Not only are these foot baths ineffective, but some of the medications aren’t even water soluble. On top of that, the foot baths are currently being condemned by Medicare for causing further infection and drug resistance. Needless to say, these baths are not medically necessary and are not covered by Medicare.
While the baths are clearly useless, crooked doctors and pharmacists are continuing to prescribe them for the payout. Nathan Lucas, a podiatrist and pharmacy owner in Memphis, Tennessee was recently charged with health care fraud after submitting nearly $4 million in fraudulent claims to Medicare and TennCare since 2018. If convicted, Nathan Lucas faces a maximum prison sentence of 10 years.

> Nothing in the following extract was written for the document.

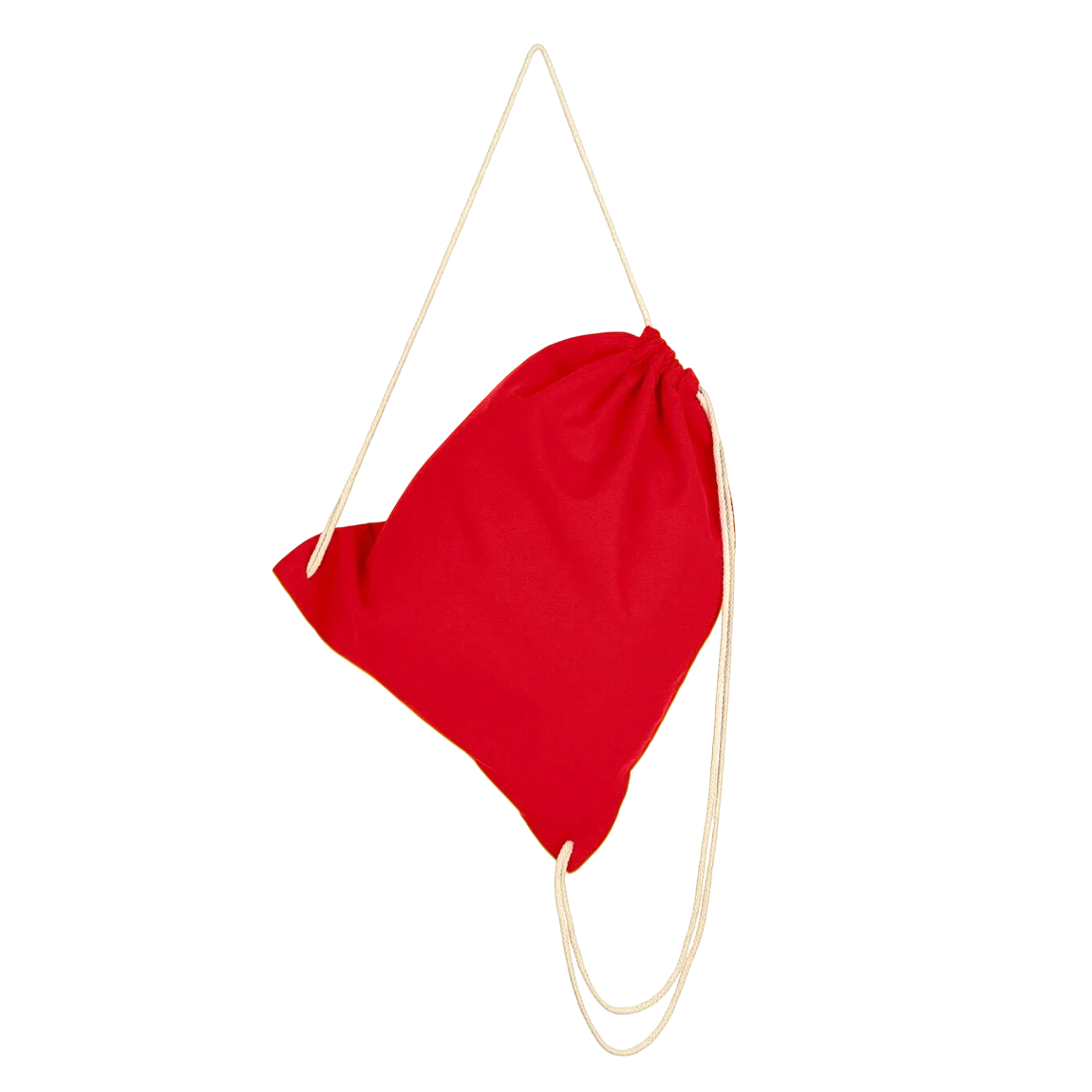 Rucsacuri - Rucsacuri rosii din bumbac cu snur natur 34x42 cm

Carey Williams, another podiatrist and pharmacy owner in Mississippi, has also recently been charged with prescribing expensive medications for use in a foot bath. In addition to running the foot bath scheme, Williams is also being accused of ordering unnecessary diagnostic testing on patients’ toe nails. Since 2016, Williams has submitted over $4.9 million in claims for the prescribed foot baths, as well as an additional $6.4 million in claims for the unnecessary diagnostic testing. Williams is facing decades of prison time due to the various counts of fraud he is accused of.
Medicare fraud may impact more vulnerable groups in the population, but healthcare fraud can affect anyone and everyone. It is important to stay educated on how to detect, prevent and report fraud. After all, something as simple as a nice warm foot bath can be hiding millions of dollars of damage under the surface.